Data were also obtained from 615 parents regarding whether their child had shown signs of puberty; based on these data, 480 children had shown signs of puberty (77 birth-registered males, 403 birth-registered females).

Finally, Table 2 presents information pertaining to neurodevelopmental and mental health conditions.

Gender identity

At the time of recruitment, all children and young people in our cohort were on the waiting list for the gender service. However, during the data collection phase, four parents (0.8%) reported that their child was no longer on the waiting list, either because their child was accepted for assessment (n = 2) or because they decided to leave the waiting list (n = 2). These four participants were excluded from the analyses.
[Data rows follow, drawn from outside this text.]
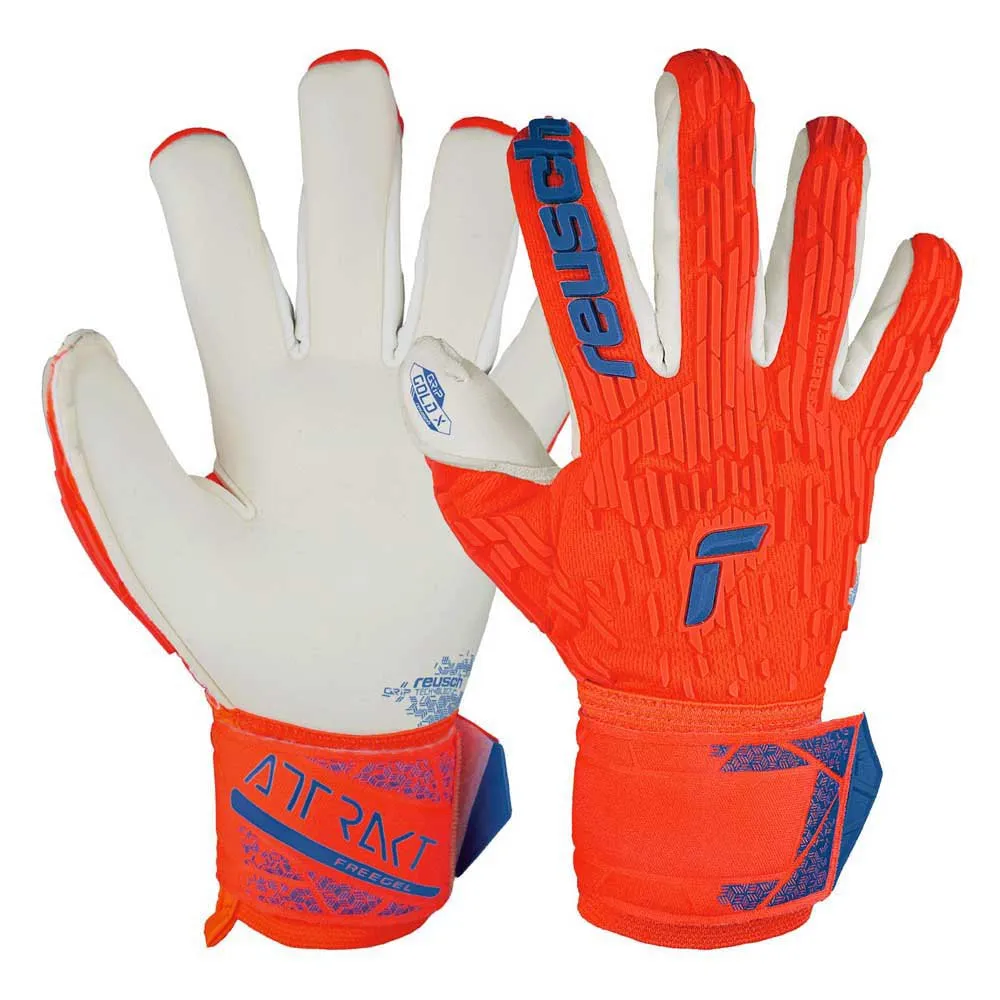 Reusch Attrakt Gold X Freegel goalkeeper gloves
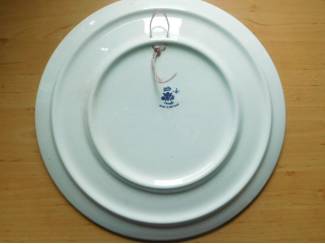 Curiosa delfts blauw bord Caf&eacute; restaurant Urbana Zwolle rond ca .30 cm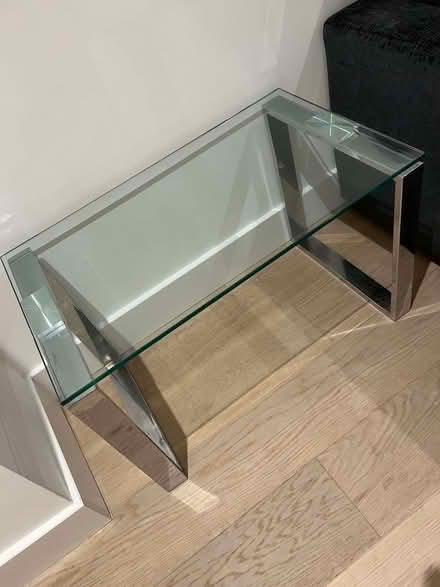 Photo of free glass/chrome side table (Poplar E14) #1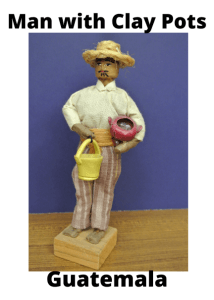 Guatemala Man With Clay Pots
At the time of data acquisition, the cohort had been on the service waiting list for a median of 1 year (interquartile range (IQR) 0.6–1.6). Parents also indicated that the median age of referral to the clinic was 12 years (IQR 10–13 years; birth-registered males 10 years (IQR 7–13 years), birth-registered females 13 years (IQR 11–14) years), and that gender incongruence emerged around the age of 11 years (IQR 5–12 years; birth-registered males 6 years (IQR 3–11 years), birth-registered females 11 years (IQR 8–13 years)).

Health and service use data collected from 607 parents showed that, in the past 6 months, 9 respondents (1.5%) had attended a National Health Service (NHS) gender clinic and 6 (1.0%) had visited a private gender clinic. In addition, 4 respondents (0.7%) had visited an NHS endocrine clinic and one person (0.2%) had attended a private endocrine clinic.

A quarter (25.5%) were in contact with child and adolescent mental health services for gender identity-related reasons.

Gender dysphoria

Based on self-report, 91.2% of young people (374/410; 318 birth-registered females, 56 birth-registered males) met the DSM-5 criteria for gender dysphoria.

Examination of parental responses revealed that 42.1% of children (96/228; 35 birth-registered males, 51 birth-registered females) met these criteria, as well as 64.5% of young people (247/383 participants; 35 birth-registered males, 212 birth-registered females).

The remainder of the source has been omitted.